TOPIC: The Victorian Hugos

On IO9, Jess Nevins says he will be "reviewing science fiction and
fantasy works from 1885 to 1930 and deciding which novels and short
works would have received the Hugo had a Worldcon been held that
year and which novels and short works should have received the
Hugo--often not the same thing."

See the first installment at:
http://io9.com/5851505/the-victorian-hugos-1885.

[-ecl]

==================================================================

TOPIC: COSMIC VOYAGE (comments by Mark R. Leeper and
Evelyn C. Leeper)

The Russian film KOSMICHESKIY REYS (1935)--called in English either
COSMIC VOYAGE or SPACE VOYAGE--is a film about a trip to the moon
by rocket ship.  It has some very good model work and even some
stop-motion for exterior scenes on the moon.  Also impressive are
some massive vistas of buildings and people reminiscent of the
later THINGS TO COME (1936).  Production was started in 1932 and
the film was not released until 1935 or 1936.  In spite of the fact
that it was made after sound was introduced, it was done as a
silent film with music from different pieces of classical music.
Sadly, the inter-titles are in the Russian language, but most of
the film can still be followed.  COSMIC VOYAGE is sort of a Soviet
response to Germany's FRAU IM MOND (1929).  I was unaware the film
was available anywhere in this country, but never underestimate the
power of YouTube.

You can read about the film at
http://tinyurl.com/void-cosmic-desc.

The complete film has been available on YouTube, but that has
disappeared.  Currently you can find it at
http://xitv.ru/10940-kosmicheskiy_reys.html.
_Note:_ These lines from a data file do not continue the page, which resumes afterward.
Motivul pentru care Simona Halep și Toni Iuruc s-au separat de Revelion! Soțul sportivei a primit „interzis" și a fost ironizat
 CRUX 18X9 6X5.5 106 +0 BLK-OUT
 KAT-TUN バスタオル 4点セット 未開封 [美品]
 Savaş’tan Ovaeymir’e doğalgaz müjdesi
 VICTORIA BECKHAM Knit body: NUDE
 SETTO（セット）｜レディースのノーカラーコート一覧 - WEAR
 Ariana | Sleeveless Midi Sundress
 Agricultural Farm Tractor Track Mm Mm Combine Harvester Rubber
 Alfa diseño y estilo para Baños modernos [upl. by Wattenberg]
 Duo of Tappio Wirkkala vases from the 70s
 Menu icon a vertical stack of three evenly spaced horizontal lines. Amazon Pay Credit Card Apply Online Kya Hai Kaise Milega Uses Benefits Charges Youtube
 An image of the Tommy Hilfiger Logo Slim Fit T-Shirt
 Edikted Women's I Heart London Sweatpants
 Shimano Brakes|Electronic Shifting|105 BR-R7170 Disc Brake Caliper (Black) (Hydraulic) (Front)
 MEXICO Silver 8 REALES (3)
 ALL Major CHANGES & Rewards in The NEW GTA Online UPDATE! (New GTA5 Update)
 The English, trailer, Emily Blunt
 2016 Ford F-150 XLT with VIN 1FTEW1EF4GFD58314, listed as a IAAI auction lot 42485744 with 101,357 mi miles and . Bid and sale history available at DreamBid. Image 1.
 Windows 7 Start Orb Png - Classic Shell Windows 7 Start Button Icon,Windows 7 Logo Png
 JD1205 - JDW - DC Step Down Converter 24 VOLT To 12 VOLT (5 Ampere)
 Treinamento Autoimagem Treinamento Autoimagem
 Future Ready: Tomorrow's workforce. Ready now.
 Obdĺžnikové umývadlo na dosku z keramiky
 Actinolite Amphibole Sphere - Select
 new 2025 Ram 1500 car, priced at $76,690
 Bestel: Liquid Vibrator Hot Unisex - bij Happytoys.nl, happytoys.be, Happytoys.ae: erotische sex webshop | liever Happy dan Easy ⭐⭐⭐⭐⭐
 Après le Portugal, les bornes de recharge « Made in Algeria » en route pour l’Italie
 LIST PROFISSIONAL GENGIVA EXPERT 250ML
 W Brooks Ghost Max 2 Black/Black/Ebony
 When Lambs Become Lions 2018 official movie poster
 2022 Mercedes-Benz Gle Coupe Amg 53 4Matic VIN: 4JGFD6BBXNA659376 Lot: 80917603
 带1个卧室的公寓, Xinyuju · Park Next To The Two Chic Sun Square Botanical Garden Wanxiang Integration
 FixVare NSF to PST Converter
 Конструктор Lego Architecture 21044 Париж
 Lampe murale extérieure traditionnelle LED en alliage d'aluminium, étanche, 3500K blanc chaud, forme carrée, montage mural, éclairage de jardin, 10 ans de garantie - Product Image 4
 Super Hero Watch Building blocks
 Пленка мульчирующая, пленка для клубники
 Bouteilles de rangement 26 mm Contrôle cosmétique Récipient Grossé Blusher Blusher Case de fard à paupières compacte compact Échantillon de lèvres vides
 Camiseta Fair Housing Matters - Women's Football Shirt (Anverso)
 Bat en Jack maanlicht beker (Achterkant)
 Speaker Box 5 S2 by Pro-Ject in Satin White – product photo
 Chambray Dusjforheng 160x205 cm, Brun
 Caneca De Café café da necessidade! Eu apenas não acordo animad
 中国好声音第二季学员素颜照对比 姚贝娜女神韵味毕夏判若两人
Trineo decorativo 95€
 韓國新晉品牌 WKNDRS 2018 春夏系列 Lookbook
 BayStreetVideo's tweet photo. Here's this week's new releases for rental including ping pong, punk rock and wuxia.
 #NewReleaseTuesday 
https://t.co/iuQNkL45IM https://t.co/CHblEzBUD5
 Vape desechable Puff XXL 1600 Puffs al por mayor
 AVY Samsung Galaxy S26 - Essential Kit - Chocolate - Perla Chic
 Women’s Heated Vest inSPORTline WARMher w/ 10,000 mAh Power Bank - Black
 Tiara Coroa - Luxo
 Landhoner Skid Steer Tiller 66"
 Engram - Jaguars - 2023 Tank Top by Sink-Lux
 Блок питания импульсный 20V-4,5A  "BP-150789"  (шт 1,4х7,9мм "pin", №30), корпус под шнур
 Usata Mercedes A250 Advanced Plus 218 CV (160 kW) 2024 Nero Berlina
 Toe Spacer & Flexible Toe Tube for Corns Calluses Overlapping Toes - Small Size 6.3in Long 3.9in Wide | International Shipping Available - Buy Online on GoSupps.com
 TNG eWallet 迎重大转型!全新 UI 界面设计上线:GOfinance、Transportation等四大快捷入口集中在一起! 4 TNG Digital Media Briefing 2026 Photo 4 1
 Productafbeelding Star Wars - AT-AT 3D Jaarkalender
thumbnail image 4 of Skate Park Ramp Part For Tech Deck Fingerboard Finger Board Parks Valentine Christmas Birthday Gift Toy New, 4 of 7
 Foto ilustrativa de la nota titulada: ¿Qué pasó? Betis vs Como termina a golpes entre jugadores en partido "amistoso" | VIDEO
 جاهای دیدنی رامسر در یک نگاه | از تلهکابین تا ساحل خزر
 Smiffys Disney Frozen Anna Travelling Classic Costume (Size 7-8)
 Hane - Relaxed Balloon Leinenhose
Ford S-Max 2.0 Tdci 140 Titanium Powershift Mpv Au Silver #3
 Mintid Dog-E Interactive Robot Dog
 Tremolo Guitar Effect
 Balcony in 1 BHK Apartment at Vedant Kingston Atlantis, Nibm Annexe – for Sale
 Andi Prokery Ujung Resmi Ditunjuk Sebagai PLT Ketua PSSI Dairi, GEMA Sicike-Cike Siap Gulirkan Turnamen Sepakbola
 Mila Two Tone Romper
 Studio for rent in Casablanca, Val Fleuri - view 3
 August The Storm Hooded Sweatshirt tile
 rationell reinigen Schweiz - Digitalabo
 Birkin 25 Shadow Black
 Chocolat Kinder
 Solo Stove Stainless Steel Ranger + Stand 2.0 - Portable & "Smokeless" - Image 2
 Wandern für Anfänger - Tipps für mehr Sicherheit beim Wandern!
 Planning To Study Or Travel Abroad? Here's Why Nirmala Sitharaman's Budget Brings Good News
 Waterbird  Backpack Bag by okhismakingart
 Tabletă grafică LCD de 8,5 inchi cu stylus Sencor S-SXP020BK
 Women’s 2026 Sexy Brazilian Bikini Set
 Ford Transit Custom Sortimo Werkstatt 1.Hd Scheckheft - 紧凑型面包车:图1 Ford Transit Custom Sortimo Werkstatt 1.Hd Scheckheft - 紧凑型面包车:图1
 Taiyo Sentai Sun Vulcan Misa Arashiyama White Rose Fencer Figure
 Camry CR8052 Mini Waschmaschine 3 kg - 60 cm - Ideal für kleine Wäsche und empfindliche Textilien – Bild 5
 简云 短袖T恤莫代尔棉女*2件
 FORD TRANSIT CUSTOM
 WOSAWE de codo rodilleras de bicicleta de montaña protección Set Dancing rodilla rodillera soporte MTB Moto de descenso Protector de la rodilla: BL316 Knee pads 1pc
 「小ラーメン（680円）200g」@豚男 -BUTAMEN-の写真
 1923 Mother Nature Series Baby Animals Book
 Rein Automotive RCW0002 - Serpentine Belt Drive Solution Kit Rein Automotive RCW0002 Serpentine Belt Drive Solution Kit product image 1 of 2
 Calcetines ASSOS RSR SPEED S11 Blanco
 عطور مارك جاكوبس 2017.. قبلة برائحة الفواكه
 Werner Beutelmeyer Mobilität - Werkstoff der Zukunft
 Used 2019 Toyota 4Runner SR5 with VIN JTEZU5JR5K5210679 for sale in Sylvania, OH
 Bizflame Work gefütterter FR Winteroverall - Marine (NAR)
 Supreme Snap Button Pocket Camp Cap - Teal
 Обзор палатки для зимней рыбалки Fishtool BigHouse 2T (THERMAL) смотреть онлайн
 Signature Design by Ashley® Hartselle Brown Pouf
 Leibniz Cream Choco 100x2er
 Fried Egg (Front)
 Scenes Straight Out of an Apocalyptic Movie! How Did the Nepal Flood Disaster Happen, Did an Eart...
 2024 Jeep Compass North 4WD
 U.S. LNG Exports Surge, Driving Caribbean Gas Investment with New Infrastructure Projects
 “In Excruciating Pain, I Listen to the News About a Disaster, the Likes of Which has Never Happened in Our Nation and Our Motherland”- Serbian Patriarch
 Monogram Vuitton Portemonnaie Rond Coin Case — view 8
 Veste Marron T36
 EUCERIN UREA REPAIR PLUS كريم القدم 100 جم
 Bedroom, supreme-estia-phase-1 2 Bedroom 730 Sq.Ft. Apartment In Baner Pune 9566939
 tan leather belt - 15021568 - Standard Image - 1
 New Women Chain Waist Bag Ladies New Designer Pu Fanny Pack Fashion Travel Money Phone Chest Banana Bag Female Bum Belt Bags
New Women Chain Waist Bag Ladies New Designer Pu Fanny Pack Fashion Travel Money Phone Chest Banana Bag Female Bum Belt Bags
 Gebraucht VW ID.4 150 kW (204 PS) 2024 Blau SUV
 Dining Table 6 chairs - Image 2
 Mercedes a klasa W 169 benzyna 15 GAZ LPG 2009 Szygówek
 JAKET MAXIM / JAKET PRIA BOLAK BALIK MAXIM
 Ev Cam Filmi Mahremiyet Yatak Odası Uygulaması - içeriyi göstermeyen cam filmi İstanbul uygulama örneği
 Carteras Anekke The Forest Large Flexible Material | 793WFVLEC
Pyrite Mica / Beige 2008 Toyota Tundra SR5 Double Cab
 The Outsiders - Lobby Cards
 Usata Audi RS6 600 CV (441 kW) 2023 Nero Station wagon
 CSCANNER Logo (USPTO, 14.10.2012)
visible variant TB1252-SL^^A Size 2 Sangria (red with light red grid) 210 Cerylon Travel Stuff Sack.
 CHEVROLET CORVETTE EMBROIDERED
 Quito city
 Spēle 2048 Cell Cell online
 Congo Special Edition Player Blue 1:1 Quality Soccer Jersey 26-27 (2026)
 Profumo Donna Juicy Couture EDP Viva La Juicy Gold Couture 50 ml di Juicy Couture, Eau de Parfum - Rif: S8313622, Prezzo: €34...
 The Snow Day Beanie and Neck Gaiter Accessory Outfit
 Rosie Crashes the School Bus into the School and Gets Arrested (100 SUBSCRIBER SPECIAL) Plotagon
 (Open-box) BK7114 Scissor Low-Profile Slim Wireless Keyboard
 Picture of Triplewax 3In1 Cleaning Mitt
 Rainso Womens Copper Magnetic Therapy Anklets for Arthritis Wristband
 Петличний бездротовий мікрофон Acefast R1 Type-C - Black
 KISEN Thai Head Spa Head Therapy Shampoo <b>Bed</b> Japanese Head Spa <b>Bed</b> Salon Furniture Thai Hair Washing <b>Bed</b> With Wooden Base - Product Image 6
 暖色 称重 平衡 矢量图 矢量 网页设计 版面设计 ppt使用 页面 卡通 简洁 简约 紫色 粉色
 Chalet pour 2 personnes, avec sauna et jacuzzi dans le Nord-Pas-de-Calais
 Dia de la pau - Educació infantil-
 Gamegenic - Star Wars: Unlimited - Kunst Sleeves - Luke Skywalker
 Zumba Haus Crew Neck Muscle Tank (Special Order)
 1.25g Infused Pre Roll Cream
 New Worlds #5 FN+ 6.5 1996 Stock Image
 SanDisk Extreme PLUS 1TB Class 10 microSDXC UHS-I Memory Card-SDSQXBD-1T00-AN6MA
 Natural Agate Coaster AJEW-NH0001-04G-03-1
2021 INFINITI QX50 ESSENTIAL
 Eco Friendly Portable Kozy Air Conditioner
WARNING: This page has ads that are NSFW (Not Safe for Work) and
which play obnoxious sound as well.  Adblock seems to solve both
problems.  Or you can get rid of the obnoxious fight sounds by
killing the sound altogether since it is a silent film and there is
no authentic original score.

Enjoy.  [-mrl/ecl]

==================================================================

TOPIC: The Number Shortage (comments by Mark R. Leeper)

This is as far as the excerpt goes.